Sunday Night Takeaway: Irish provinces lick their wounds as Arsenal count cost of setback

The Gunners stumble as teams around them make up ground

Per Mertesacker, Arsenal, Arsene Wenger

Picture by: Frank Augstein / AP/Press Association Images

It was an intriguing Sunday in the world of sport, although an early red card at The Emirates Stadium spoiled what could have been an even more interesting game.

Chelsea still have the Indian sign over Arsenal

From red cards and getting on the right side of tight results (well, apart from the 6-0 a couple of years ago), Chelsea know what it takes to get past Arsenal.

And this evening, with both sides having different ambitions for the season, the same result transpired.

Arsenal's vulnerability when it comes to balls over the top of the defence had the end result of seeing Mertesacker sent off as the slow-paced defender's challenge saw Diego Costa go to ground with acres of space between the Gunners back-line and goalkeeper Petr Cech. 

A couple of old failings showed up for Arsenal when opportunities did arise at the other end with a snatching of chances and occasionally too many intricate passes being played before getting a shot away.

However, a positive for Arsene Wenger is the fact they did not cave in at 1-0 and one man down, although that might have to do with Chelsea not going for the kill.

More worryingly, a potent looking Tottenham are just two points behind them in a four-horse race for the Premier League title, and Wenger will rue the late concession of Joe Allen's late goal for Liverpool in the 3-3 draw from earlier this month which could have given Arsenal a greater cushion in the table.

 

A sorry few months for the Irish provinces draws to a close

Ulster were always going to be reliant on a couple of results going their way today in their hopes of a Champions Cup quarter-final place.

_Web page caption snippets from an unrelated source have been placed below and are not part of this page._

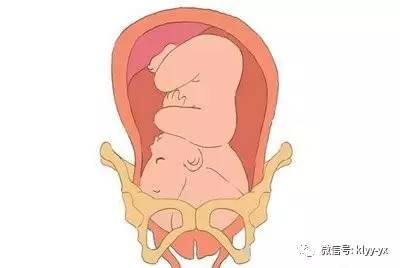 胎儿胎头较低该注意什么,分娩胎头下降的过程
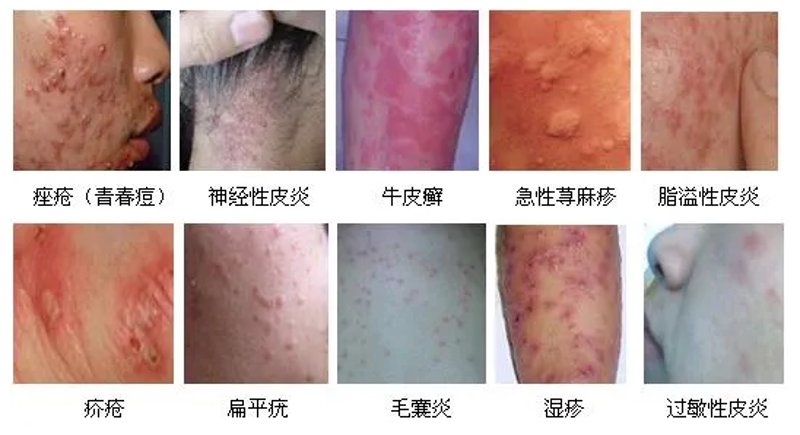 城市角落里的健康守护者：探访西岗区皮肤病诊所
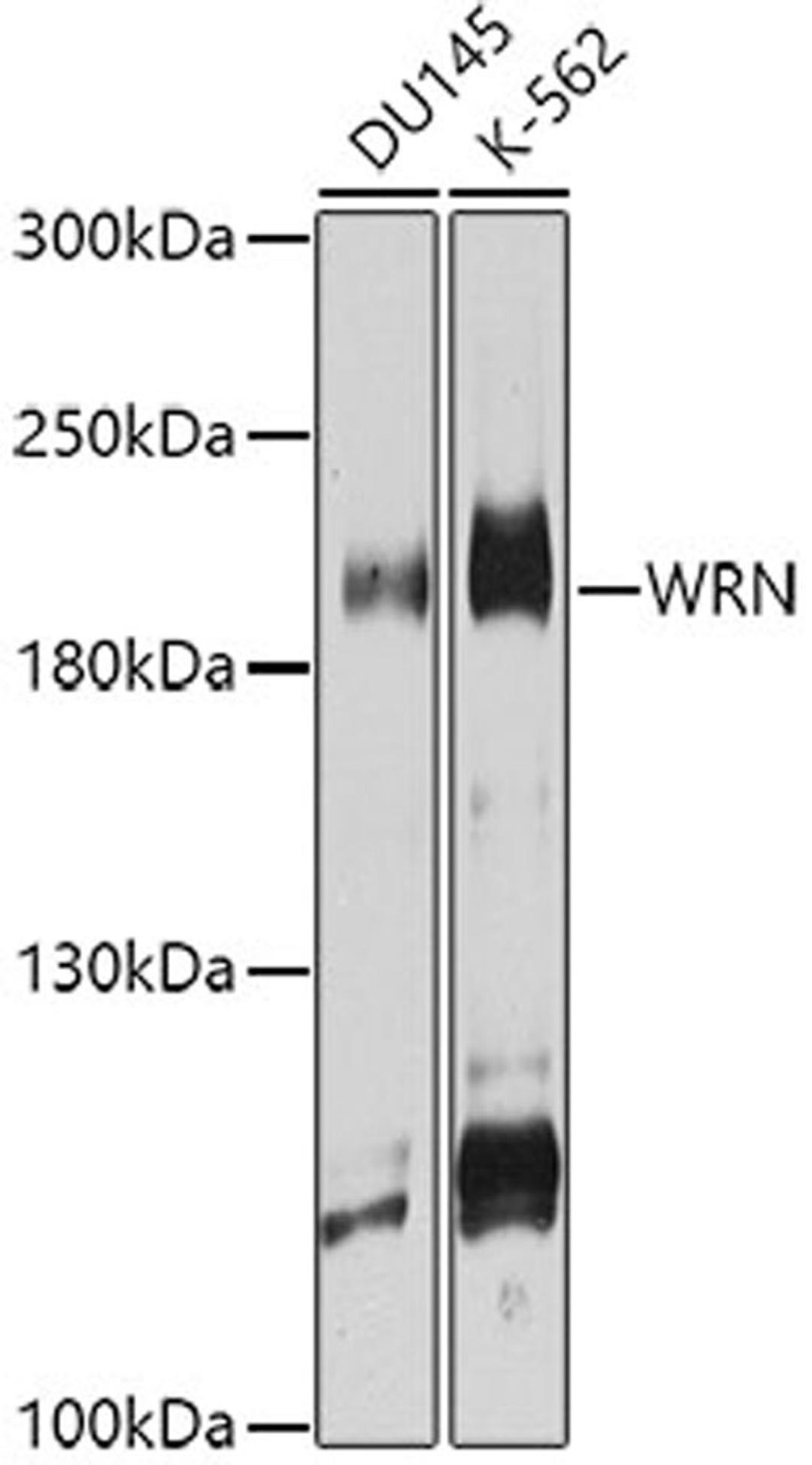 Western blot - WRN antibody (A6855)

But as it happened, Stade Francais got the bonus point win they needed to get into the Top 8 sides for the pool stages.

All of which means the Irish provinces collectively miss out on the European knockout stages for the first time since the 1997-98 season in the old Heineken Cup.

Leinster and Munster in particular suffered major setbacks, with Leo Cullen's side bottom of their tough pool after a single win in six games.

Stung by Wasps home and away with a total points difference of -68 from those two games, it was a chastening experience for the three-time champions.

Ulster got closest to the knockout stages as they were left ruing home and away losses to Saracens.

There had been worries that the French and English sides would start asseting even more of a stranglehold on the Champions Cup due to the huge wages they can pay and five Premiership teams and three Top 14 sides in the last-8 tells its own story.